::: Source records
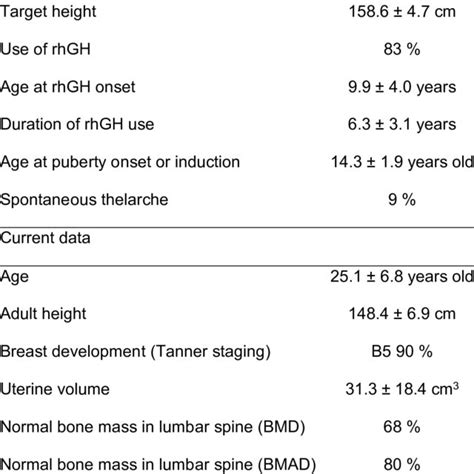 Clinical And Radiological Data From Turner Syndrome Patients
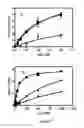 Fig. 08 - SmFRET with membrane proteins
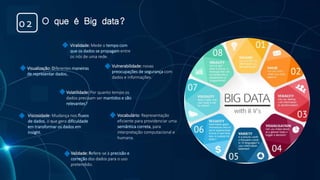 Viscosidade: Mudança nos fluxos
de dados, o que gera dificuldade
em transformar os dados em
insight.
Visualização: Diferentes maneiras
de representar dados,.
Viralidade: Mede o tempo com
que os dados se propagam entre
os nós de uma rede.
Volatilidade: Por quanto tempo os
dados precisam ser mantidos e são
relevantes?
Validade: Refere-se à precisão e
correção dos dados para o uso
pretendido.
Vulnerabilidade: novas
preocupações de segurança com
dados e informações.
Vocabulário: Representação
eficiente para providenciar uma
semântica correta, para
interpretação computacional e
humana.
O que é Big data?02
 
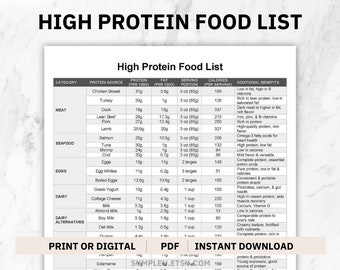 Protein-Lebensmittelliste, Anleitung für High Protein Foods, Protein-Lebensmitteltabelle, Proteinreiche Mahlzeit, Protein-Leitfaden, Nährwertliste, PDF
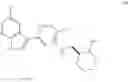 Fig. 285 - Inhibitors of influenza viruses replication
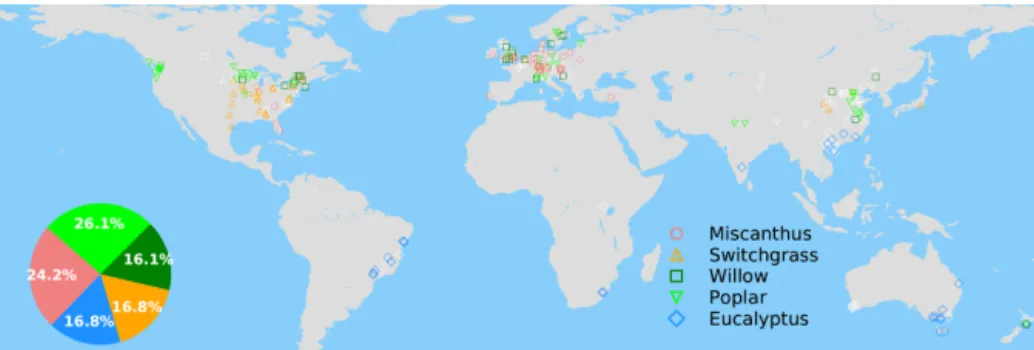 Figure 1. Map of grid cells with yield observations in the global yield dataset. The colored and white markers indicate the selected (blue dots in Fig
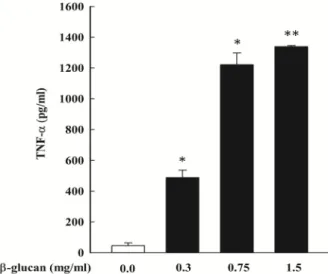 Fig.  1.  Effect  of  β-glucan  on  cell  viability  in  THP-1  cells.  The  cells  were  treated  with  various  concentration  (0.0,  0.3,  0.75,  1.5  mg/ml)  of  β-glucan  for  24  hr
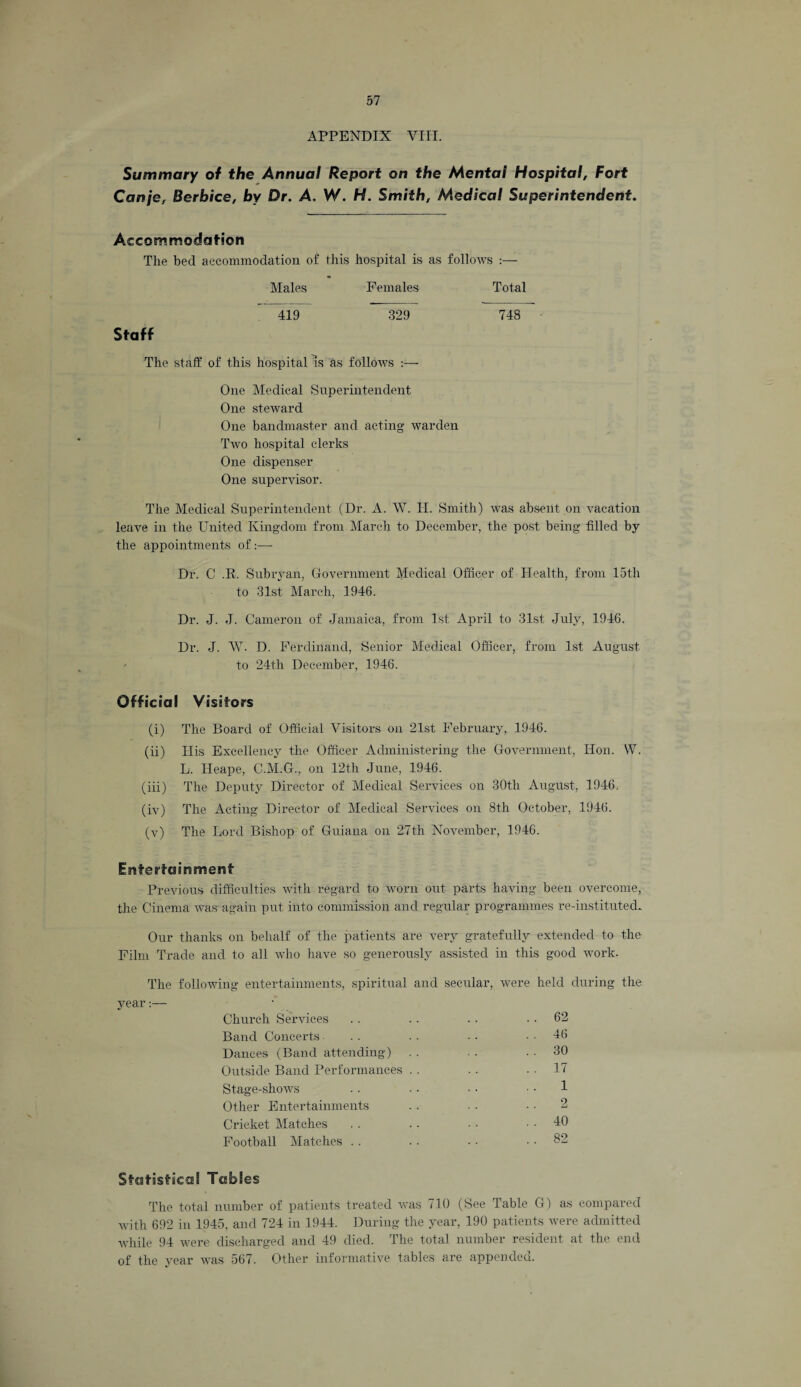 APPENDIX VIII. Summary of the Annual Report on the Mental Hospital, Fort Canje, Berbice, by Dr. A. W. H. Smith, Medical Superintendent. Accost* modation The bed accommodation of this hospital is as follows Males Females Total 419 329 748 Staff The staff of this hospital Is as follows :— One Medical Superintendent One steward One bandmaster and acting warden Two hospital clerks One dispenser One supervisor. The Medical Superintendent (Dr. A. W. H. Smith) was absent on vacation leave in the United Kingdom from March to December, the post being filled by the appointments of:— Dr. C .R. Subryan, Government Medical Officer of Health, from 15th to 31st March, 1946. Dr. J. J. Cameron of Jamaica, from 1st April to 31st July, 1946. Dr. J. W. D. Ferdinand, Senior Medical Officer, from 1st August to 24th December, 1946. Official Visitors (i) The Board of Official Visitors on 21st February, 1946. (ii) His Excellency the Officer Administering the Government, Hon. W. L. Heape, C.M.G., on 12th June, 1946. (iii) The Deputy Director of Medical Services on 30tli August, 1946, (iv) The Acting Director of Medical Services on 8th October, 1946. (v) The Lord Bishop of Guiana on 27th November, 1946. Entertainment Previous difficulties with regard to worn out parts having been overcome, the Cinema was again put into commission and regular programmes re-instituted. Our thanks on behalf of the patients are very gratefully extended to the Film Trade and to all who have so generously assisted in this good work. The following entertainments, spiritual and secular, were held during the year:— Church Services Band Concerts Dances (Band attending) Outside Band Performances Stage-shows Other Entertainments Cricket Matches Football Matches . . 46 30 17 1 2 40 82 Statistical Tables The total number of patients treated was 710 (See Table G) as compared with 692 in 1945, and 724 in 1944. During the year, 190 patients were admitted while 94 were discharged and 49 died. The total number resident at the end of the year was 567. Other informative tables are appended.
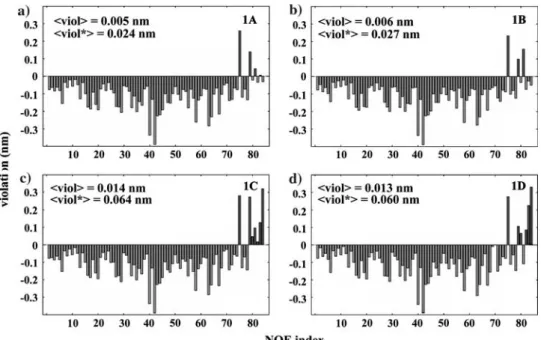 Fig. 6 Violations of the experimentally derived upper distance bounds for the simulated trajectories of peptide 2: a simulation 2A and b simulation 2B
::::::
● Task item: What you write out is the stretch of entries from the line containing "Visualização: Diferentes maneiras" to the line containing "Figure 1. Map", word for word, with both end lines and no pictures.

● Response for this exercise:
Visualização: Diferentes maneiras
de representar dados,.
Viralidade: Mede o tempo com
que os dados se propagam entre
os nós de uma rede.
Volatilidade: Por quanto tempo os
dados precisam ser mantidos e são
relevantes?
Validade: Refere-se à precisão e
correção dos dados para o uso
pretendido.
Vulnerabilidade: novas
preocupações de segurança com
dados e informações.
Vocabulário: Representação
eficiente para providenciar uma
semântica correta, para
interpretação computacional e
humana.
O que é Big data?02
 
 Protein-Lebensmittelliste, Anleitung für High Protein Foods, Protein-Lebensmitteltabelle, Proteinreiche Mahlzeit, Protein-Leitfaden, Nährwertliste, PDF
 Fig. 285 - Inhibitors of influenza viruses replication
 Figure 1. Map of grid cells with yield observations in the global yield dataset. The colored and white markers indicate the selected (blue dots in Fig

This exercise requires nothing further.